While the blog has garnered OkCupid a lot of media attention, as well as a surge in users, according to the New York Times, some find the site’s findings little more than ridiculous.
For example, of the charts in that particular post, one compares college tuition with the number of times the students would like to have sex per week.
“Generally speaking, the more your parents are paying for your education, the more horny you are,” writes OkCupid co-founder Christian Rudder. “If only Freud were still around to help us understand; instead we have psychology majors, those Adidas shower sandals and darkness.” At almost $42K, Tufts falls neatly on the 5.25 times per week line.
Other findings on OkTrends show that a girl’s most appealing profile picture features a smile and doing something interesting, such as playing guitar or hiking in the Alps. Guys, on the other hand, should not smile and instead show off their abs. Another finding, applying a bit of game theory, shows that the more men disagree about a woman’s attractiveness, the more messages she will receive, while a universal “cute” is more or less a death sentence.
Another alarming fact: OkCupid hides “good looking” people from “less attractive” users. While using OkCupid, you are ranked by OkCupid click data and algorithms. Those who rank in the top 50% will theoretically see more good-looking people in their searches than those who aren’t. “We are very pleased to report that you are in the top half of OkCupid’s more attractive users,” says an email the website sends to those in the top 50%, “Your new elite status comes with one important privilege, you will now see more attractive people in your match results.” This seems mildly unfair on both the winning and losing sides. Afterall, Zooey Deschanel married Ben Gibbard, didn’t she?
What it boils down to is that because we are publicly outing our private lives out there online, we are making them public in a certain sense. By letting those things that are so hard to categorize and put into words (that feeling when you know you like someone, falling for someone new, playing the field, falling in love, etc) online, we are allowing someone else to categorize the uncategorizable. Break them down, piece them apart, graph and chart them, using logic to decode the illogical.
Sam Yagan, co-founder and CEO of OkCupid, said in a New York Times article that part of the company’s open approach included shedding light on what their data revealed, flattering or no.
“We’re not saying what we’ve found is good or bad,” Yagan said. “But it’s a dating phenomenon, and we’re just trying to capture it.”
DeeDee, among others, fears that the methods OkTrends is using to get their data may be doing more harm than good.
“Throwing a bunch of stats about peoples’ demographics, sex interests and their sexual experience together does not equal a good study on the human sexual experience,” DeeDee said. “I really don’t think that the sexual experience can be distilled down to responses that you put on a questionnaire that you entered into a dating website.”

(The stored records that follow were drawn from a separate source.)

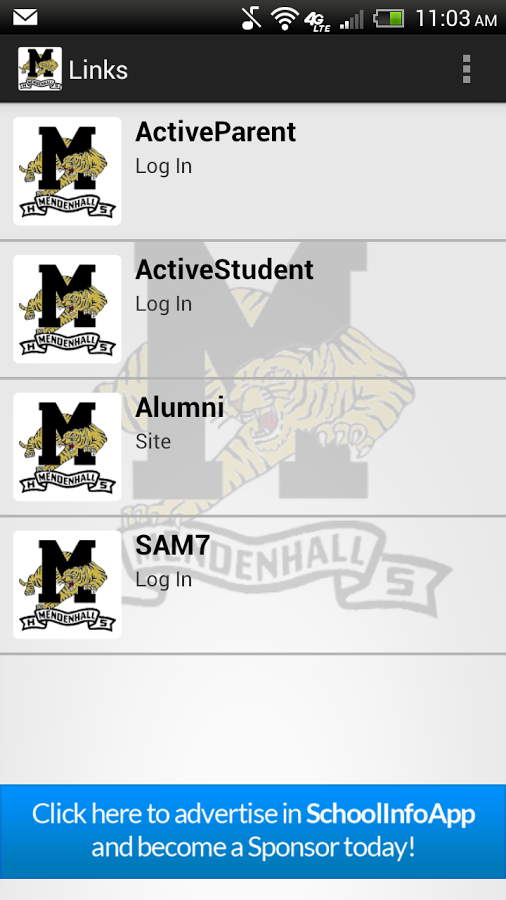 Mendenhall High School截图7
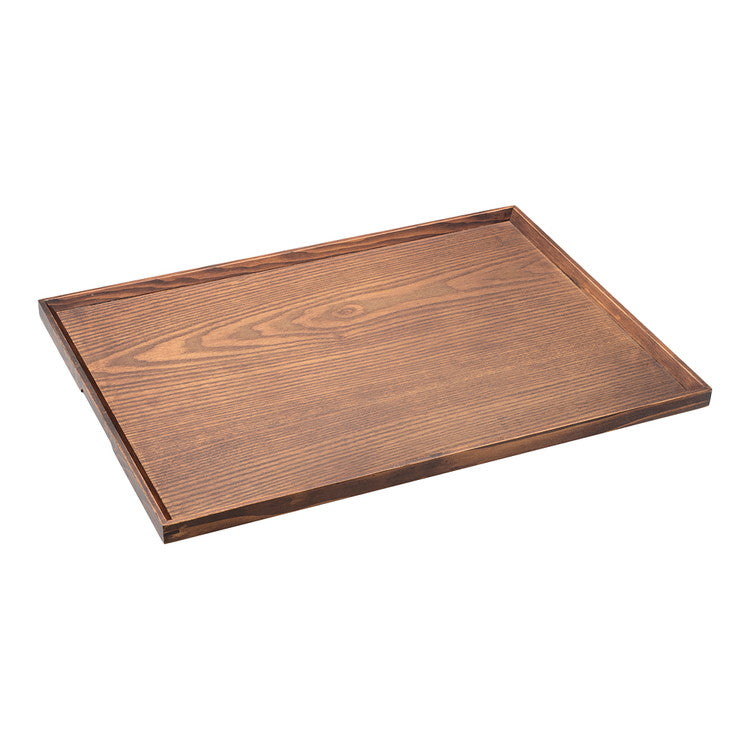 木製ノンスリップマルチトレイ ブラウン特大ヤマコー株式会社4988484155729(代引不可)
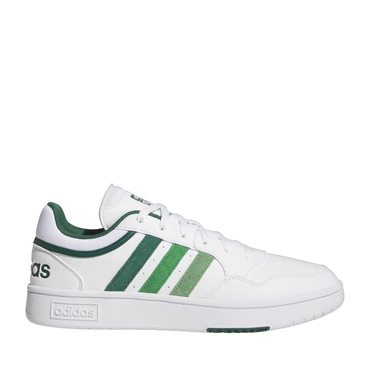 Baskets BLANC ADIDAS HOOPS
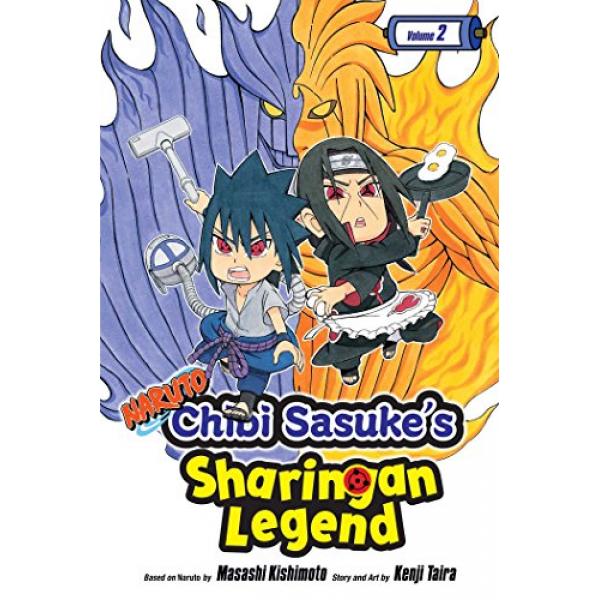 Naruto T2 Chibi Sasuke's Sharingan Legend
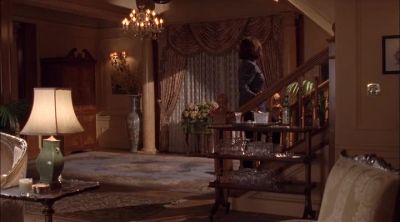 [ VEHICLE DOOR CLOSES,
ENGINE TURNS OVER ] - Gilmore Girls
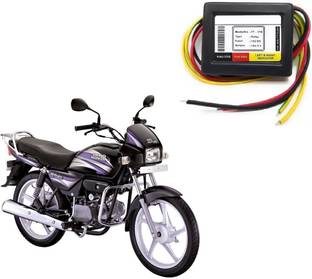DheVan Front, Rear, Side Flasher Indicator Light for Universal For Bike Universal For Bike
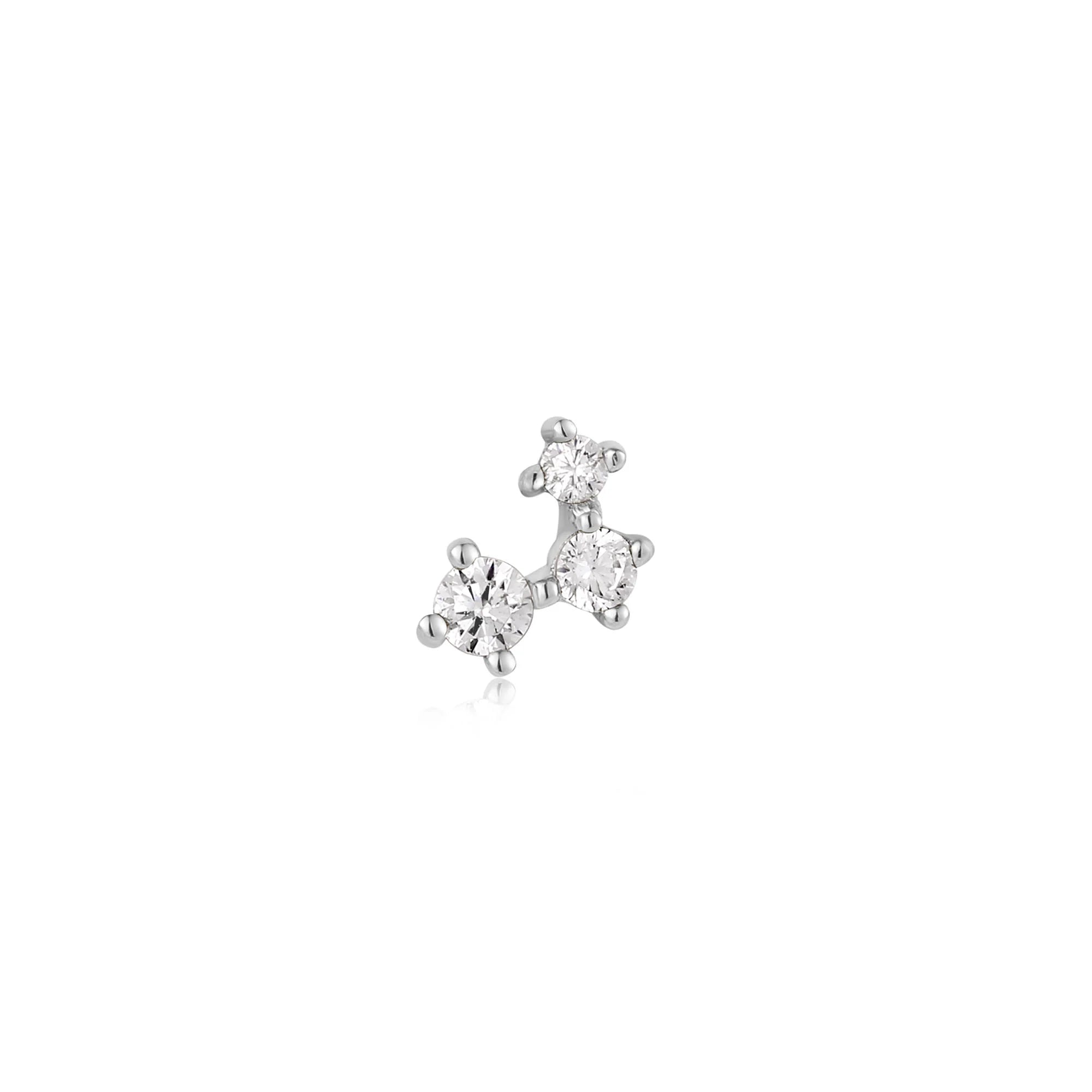 Barbell Single Earrings  £15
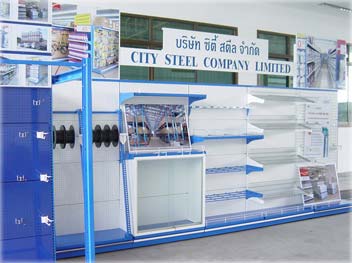 Retail Shelving System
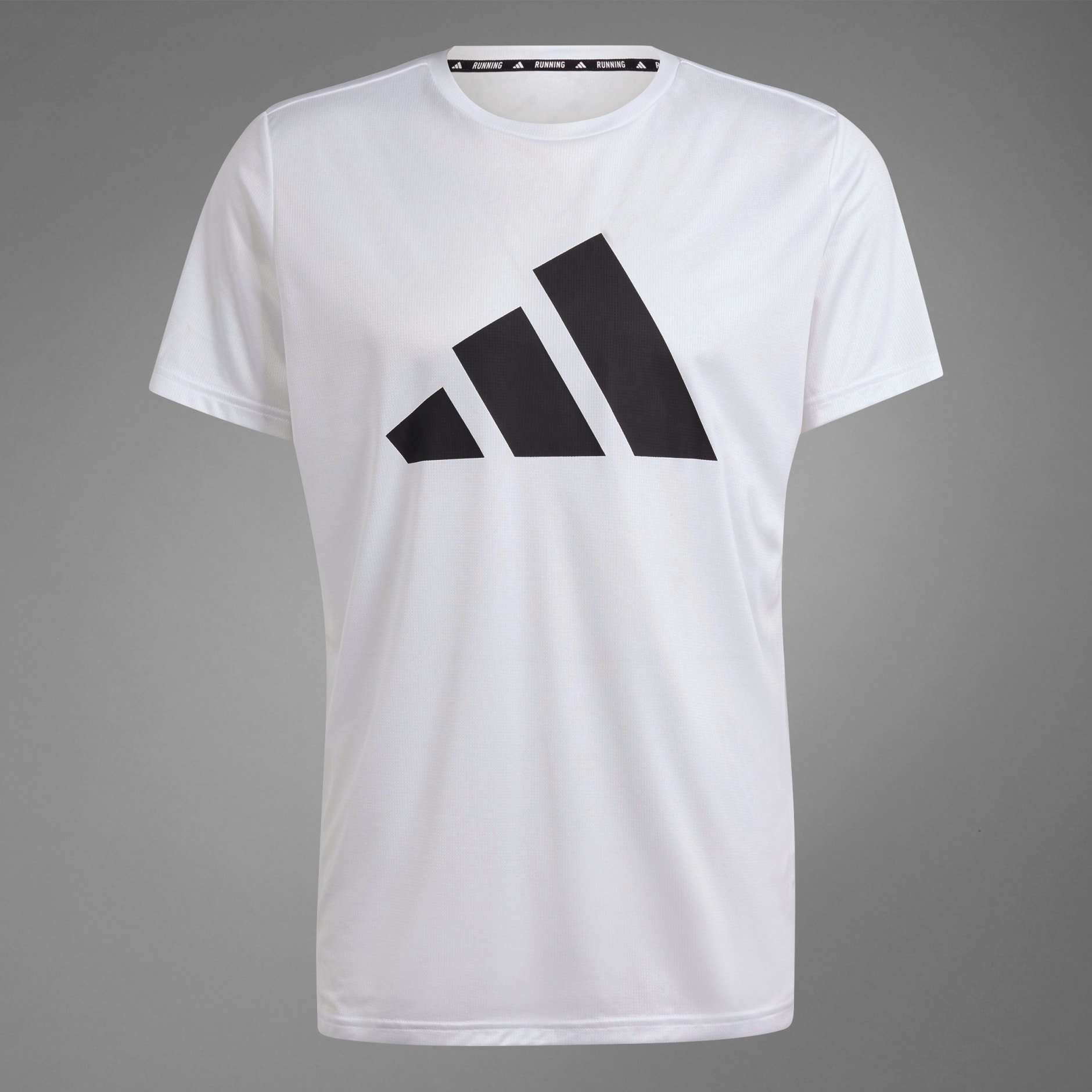 Men's Clothing - Run It Tee - White | adidas Oman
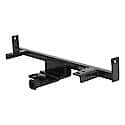 Trailer Hitch: 1-1/4" Receiver, 2,000 LB Capacity, Installs as low as 30 Mins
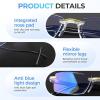 2026 Upgraded self adjusting glasses, Fashion Semi Rimless Glasses for Office, Auto Focus Glass Self (1pc) view 2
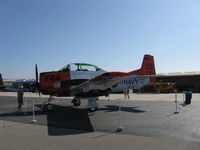 N28XC @ CMA - 1954 North American T-28C TROJAN 'Suzy Q', Wright Cyclone R-1820-56S 1,425 Hp - by Doug Robertson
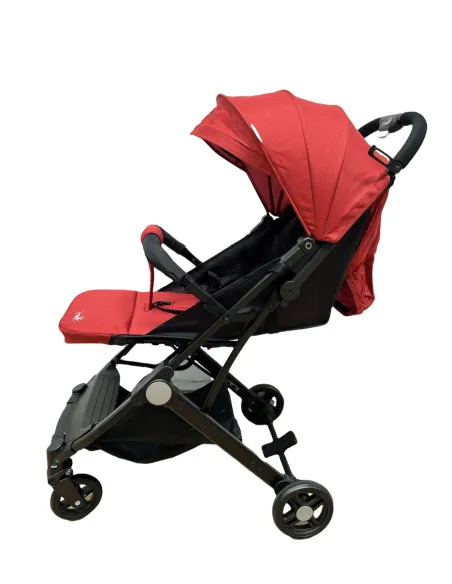 Carucior sport cu pliere tip troler si pozitie de somn, 6-36 luni, RED-C8
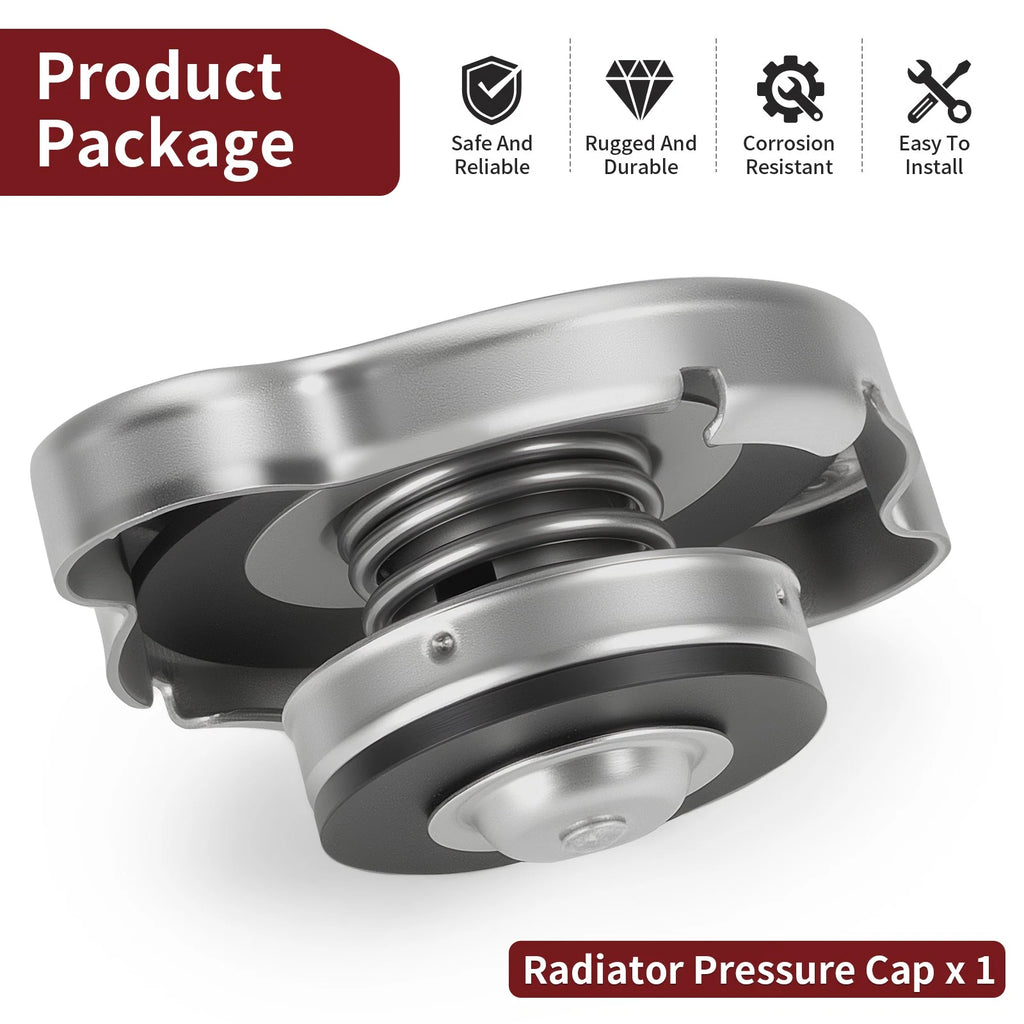 Radiator Cap for Can-Am Outlander MAX 800R (2006–2015), PRO HD5 HD7 (2023–2024)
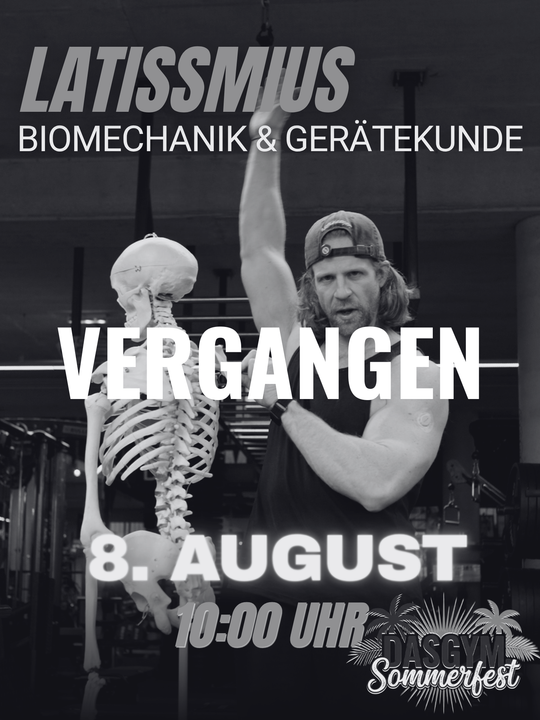 Latissimus: Biomechanik & Gerätekunde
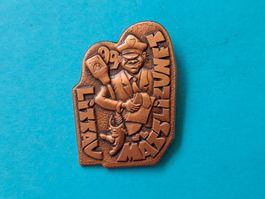 Fasnachts Plakette Littau Kupfer 1999 (y547)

In college, most students aren’t looking for a soulmate, but in a social scene as small as Tufts’, perhaps there is merit in looking outside the hill, even if it is just for dinner and a movie.
“[Online dating] is a way of escaping the bubble,” McDonald said. “We are very hard working and many of us probably don’t have the time to invest in a relationship. I know people who’ve used OkCupid for hooking up and for dating and for everything in between. I think it’s a matter of finding the right person, and it’s not always easy to do that.”